▸ TASK GOAL
Where the listing below reaches the line containing "bạn trai xương rồng chapter 4 37", start writing out lines exactly, and stop once the line containing "Manavgat Belediyespor'da Beklenmedik" has been written.

━━━ RECORDS FOR THE TASK ━━━

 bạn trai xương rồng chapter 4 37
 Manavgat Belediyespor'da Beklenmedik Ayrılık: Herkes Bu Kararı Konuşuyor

━━━
━━━ RECORDS FOR THE TASK ━━━

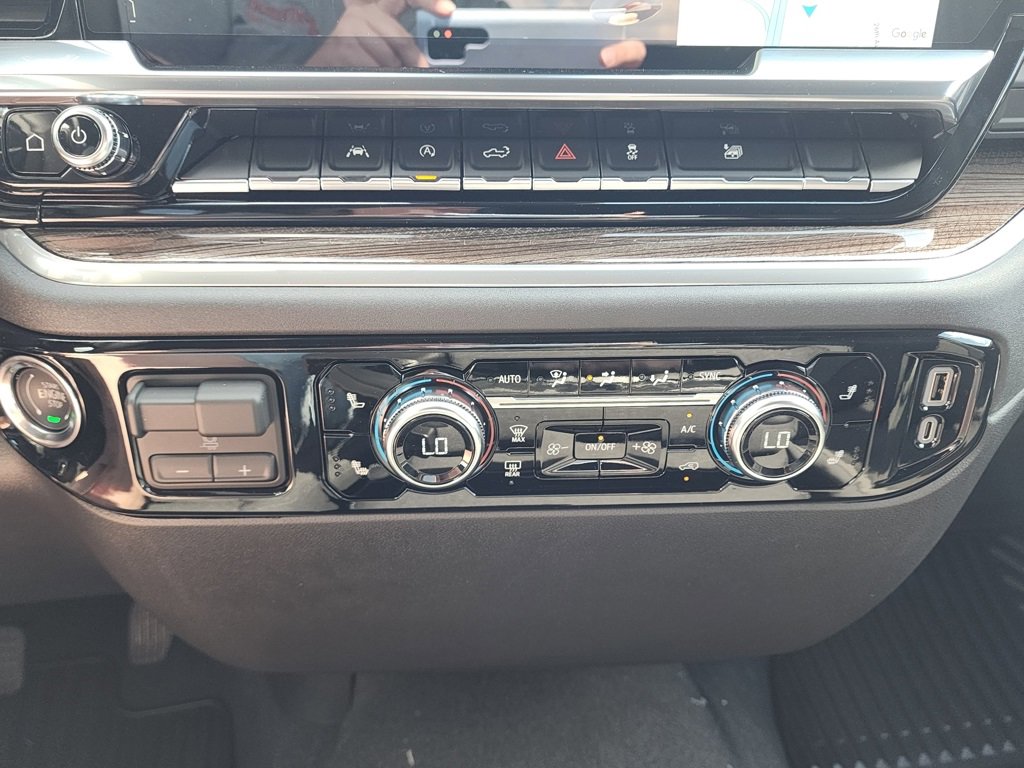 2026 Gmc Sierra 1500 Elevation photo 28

━━━

▸ OUTPUT
 bạn trai xương rồng chapter 4 37
 Manavgat Belediyespor'da Beklenmedik Ayrılık: Herkes Bu Kararı Konuşuyor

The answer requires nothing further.